Consider L=1000, A=1, B=999, C=1000, M=1001. Here M>C but unfortunely there's no feasible plan.
I have followed this post from the beginning.I made calculations to see if I could estimate the time for the walkers to reach the other end.My inital estimate was 4 hours I started by sending M to pick up the slowest walker and to drop him at a point where the time to do the same for the others would keep him from crossing the finish line.Rate of walkers .1 K per minute,.133, .166. Rate of M 2K per minute.It takes M to meet a 57 minutes.They approach each other at 2.1 K per minute. The trip back to the 90 mile mark takes 47 minute. The pick up point was at mile 5.7. Picking up the others took a total of 247 minutes. I can see that the drop offs should have been closer to the end.Final back and forth movements ofM to get walkers in correct positions would take little time.
To the second question: Go here http://www.mathhelpforum.com/math-he...tml#post660726
Integer example (2 walkers) where 1 walker is driven backward.
L = 1080 (X to Y), M = 100, A = 20, B = 80
M and B meet after 6 hours.
M drives B backward for 2 hours.
B then walks to Y : 10 hours ; total = 18 hours
After the 1st 8 hours, A has walked 160.
M is now 120 from A: takes 1 hour to meet A.
Distance from Y now 900: takes 9 hours ; total = 18 hours.
to have ALL walkers at fastest walker speed, and the Motorcycle is useless.
That's the only way to reach destination at same time. Agree?
Remark on case where a walker is driven backward:
it is possible to get a solution where a walker is driven back BEHIND (West of) starting point X.

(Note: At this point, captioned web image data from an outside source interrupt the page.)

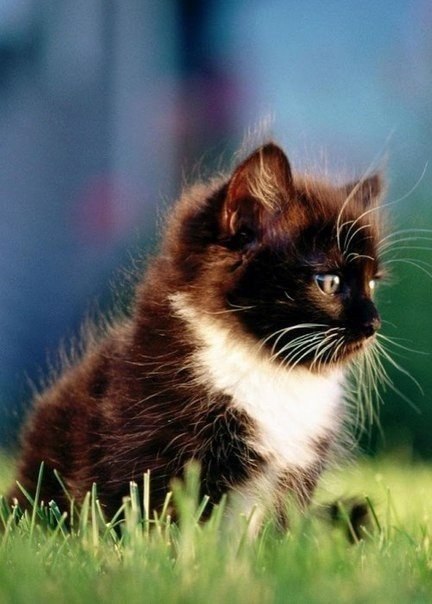 |В| Счастье есть... |В| - 12 августа 2015 в 23:26 - 5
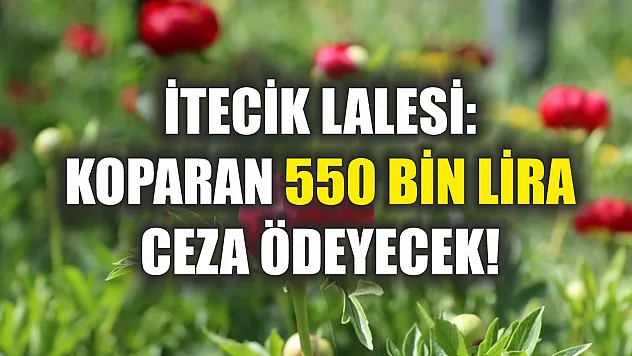 İtecik Lalesi: Koparan 550 Bin Lira Ceza Ödeyecek!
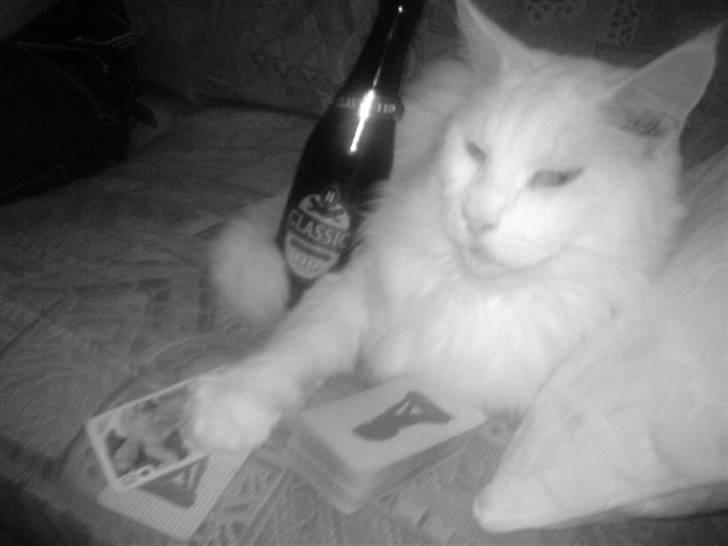 Maine Coon Josh billede 4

The wording of your problem does not prevent that.
Say a=100, b=99, c=98 and m=99.9, L=100
what do you say? m first meets a and drive him back to somewhere between b and c, then pick up c to make everybody arrive the same time at destination. Calculations should be similar to that done here http://www.mathhelpforum.com/math-he...tml#post660891 and a feasible plan exists.